* _Your task_
Repeat the lines below exactly as they appear, but leave out the images.

* _Dataset excerpt_
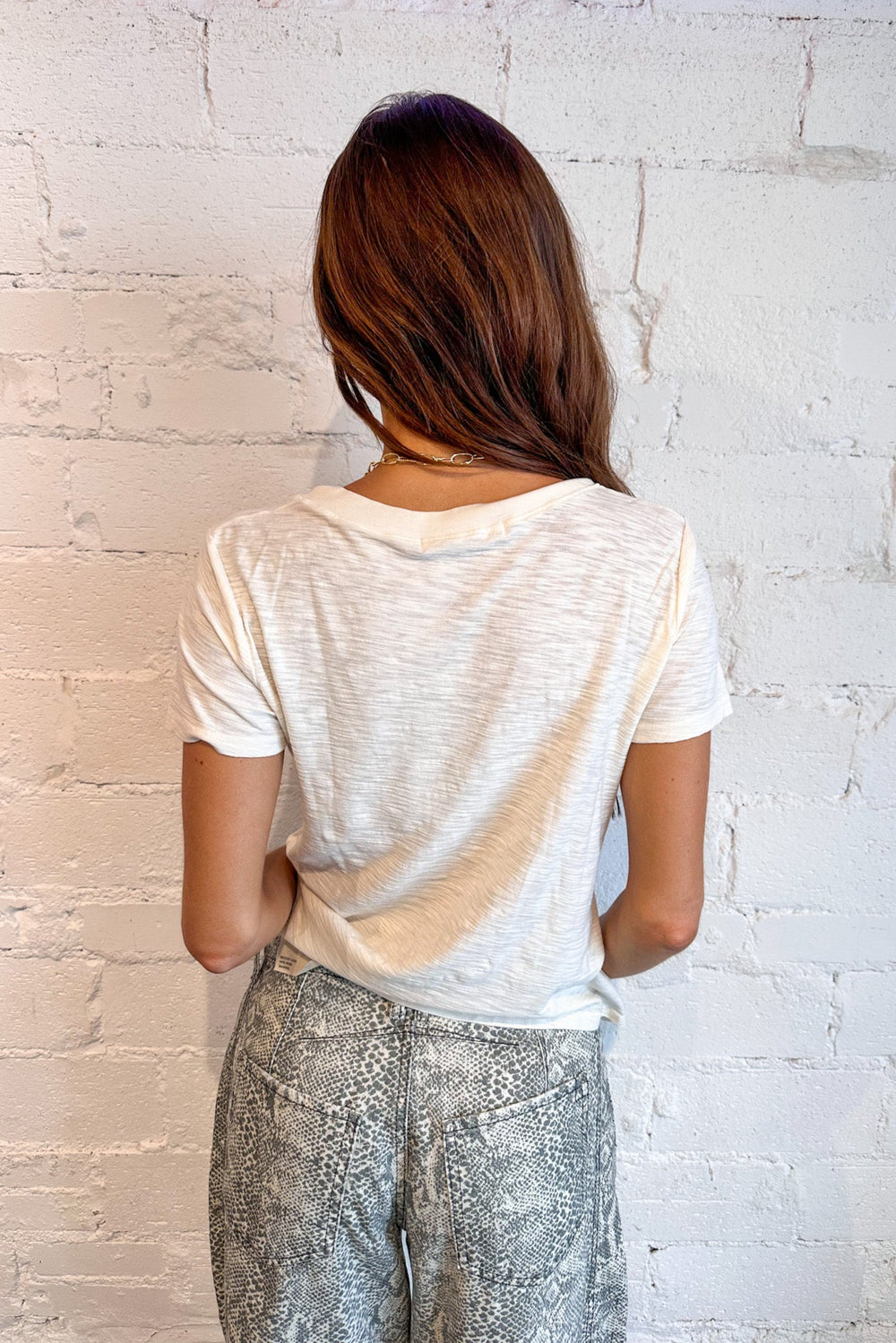 Oat Plata Notched Tee, Basic Top, Basic Tees, Adeline Boutique, Dallas Boutique, Boutique Clothing, Tops, Vneck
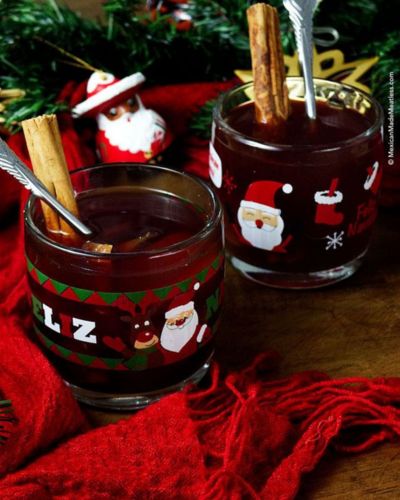 Taza con té de nochebuena con caña de azucar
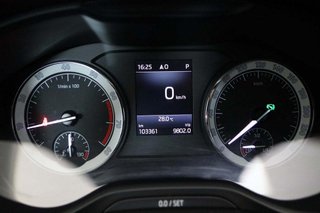 ŠKODA Yeti KAROQ 1.5 TSI DSG AMBITION 5P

* _Task response_
 Oat Plata Notched Tee, Basic Top, Basic Tees, Adeline Boutique, Dallas Boutique, Boutique Clothing, Tops, Vneck
 Taza con té de nochebuena con caña de azucar
 ŠKODA Yeti KAROQ 1.5 TSI DSG AMBITION 5P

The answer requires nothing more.